1. Field of the Invention
The present invention relates to a lab-on-a-chip and, more particularly, to a lab-on-a-chip for controlling a capillary force and a method of driving the same.
2. Discussion of Related Art
The development of human society has led to ceaseless development of chemistry-related industries, which involves the development of chemical analysis techniques. A chemical analysis technique commonly refers to a method of discerning and detecting materials, and finding the chemical compositions of the materials.
In order to make a rapid and accurate chemical analysis, development of a chemical analysis apparatus for enabling an automatic chemical analysis instead of manual analysis by a researcher is under way. As long as a collected sample is supplied to the chemical analysis apparatus, the chemical analysis apparatus may, in a single measurement system, automatically blend the sample with reagents, allow the sample to react with the reagent for a predetermined amount of time, transport a reactant to a detector, and output an electrical or optical signal in proportion to the concentration of a target to be measured.
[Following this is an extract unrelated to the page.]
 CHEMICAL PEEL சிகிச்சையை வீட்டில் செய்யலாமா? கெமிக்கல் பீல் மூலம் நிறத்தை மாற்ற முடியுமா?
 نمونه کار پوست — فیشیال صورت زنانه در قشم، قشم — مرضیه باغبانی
In recent years, a new apparatus obtained by finely embodying the automatic analysis apparatus in a subminiature chip has been developed and is called a lab-on-a-chip.
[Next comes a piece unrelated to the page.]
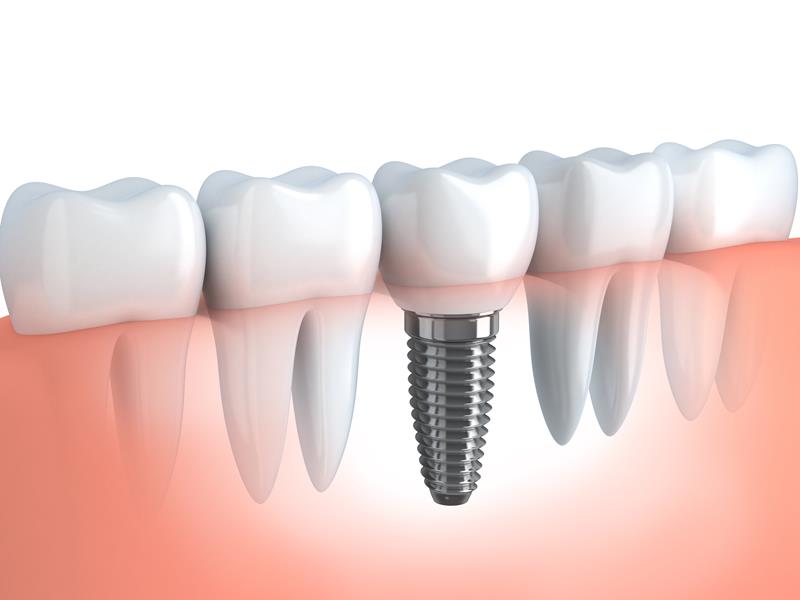 Dental Implants  Salem, UT 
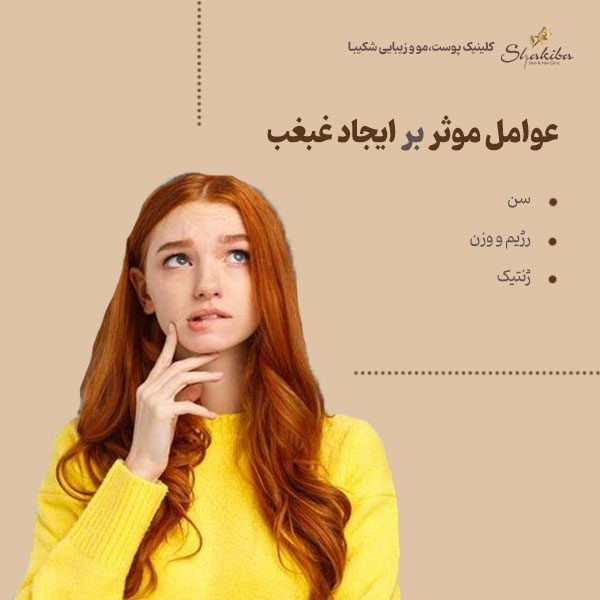 عوامل موثر بر ایجاد غبغب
A lab-on-a-chip is a device that enables lab experiments using a subminiature chip into which hyperfine-circuit semiconductor technology, nano-technology, and bio-engineering technology are integrated. The lab-on-a-chip may accelerate an experimental research process using only an infinitesimal quantity of sample. The lab-on-a-chip is a bio-chip that is being developed as a diagnosis/analysis device in various fields, such as medical and bio-engineering fields.
Since a lab-on-a-chip has a fine fluid channel, while guiding a fluid sample to the channel, various manipulations, such as mixtures and reactions of the fluid sample with reagents and detections of the fluid sample, may be performed to make a chemical analysis. When the chemical analysis is made using the lab-on-a-chip, a chemical analysis process may be greatly simplified. Also, a lab-on-a-chip used once is discarded and a new lab-on-a-chip is used. Thus, pre- and post-processing processes of the chemical analysis process may be omitted. A protein lab-on-a-chip used for analyzing and measuring a specific protein in the blood or a deoxyribonucleic-acid (DNA) lab-on-a-chip used for analyzing and measuring specific DNA in a sample is being put to practical use and widely used.
A conventional lab-on-a-chip may still enable an immune reaction due to a fluid change caused by capillary forces of upper and lower substrates and sidewalls and structures of the upper and lower substrates. However, an immune reaction, such as an antigen-antibody reaction, may be greatly affected by not only the capillary forces and the structures of the upper and lower substrates but also the height of a chip.
Accordingly, in order to obtain a high signal intensity using an infinitesimal quantity of sample, it is necessary to maximize binding events between a capture antibody planted in a lower substrate and a target antigen in the blood.